Acemoğlu, dünyanın en önemli iktisatçılarından olmasının yanı sıra, biz onu Büyükada’da çocukluk ve gençliğini geçirmesinden de biliyoruz. Yakın zaman önce, Adalar’da sürdürdüğümüz #azmanminibüs dayatmasına karşı haklı mücadelemize destek olmuş; “Türkiye’de bir sivil toplum mücadelesi. Benim çocukluğumu geçirdiğim Büyükada’da Belediyenin keyfi kararlarına karşı halk tepkisi” demişti.

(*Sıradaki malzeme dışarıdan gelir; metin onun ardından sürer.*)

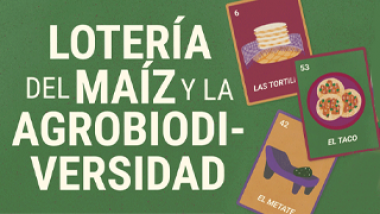 Lotería del Maíz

Gerçek bir entelektüelin doğduğu topraklara, kültürüne sahip çıkması yanı sıra demokrasiye verdiği değeri de bir kez daha görmüş, umutlanmıştık.

Bu da Açık Radyo’muzun, sesimizi çoğaltmamızın sayesinde oldu. Canlı cansız tüm varlıklarla anlamlı bağlar kurmasını, bireylerin birbirlerine yardım etmesini sağlayan, çözümler üreten, başkalarının hayatında olumlu farklar yaratan, gezegenimizde daha iyi, daha adil bir yaşam için çabalayan, “ben” değil “biz” diyen bir yapı olduğu için. Topluluk radyosu olarak “Birlikte daha iyiyiz” diyebildiği, diyebildiğimiz için…

Kayıtlarımız hazır, biz hazırız…

Bugün, 29 Ekim 1923’te kurulan Cumhuriyetimizin 101’nci yaşını kutluyoruz. .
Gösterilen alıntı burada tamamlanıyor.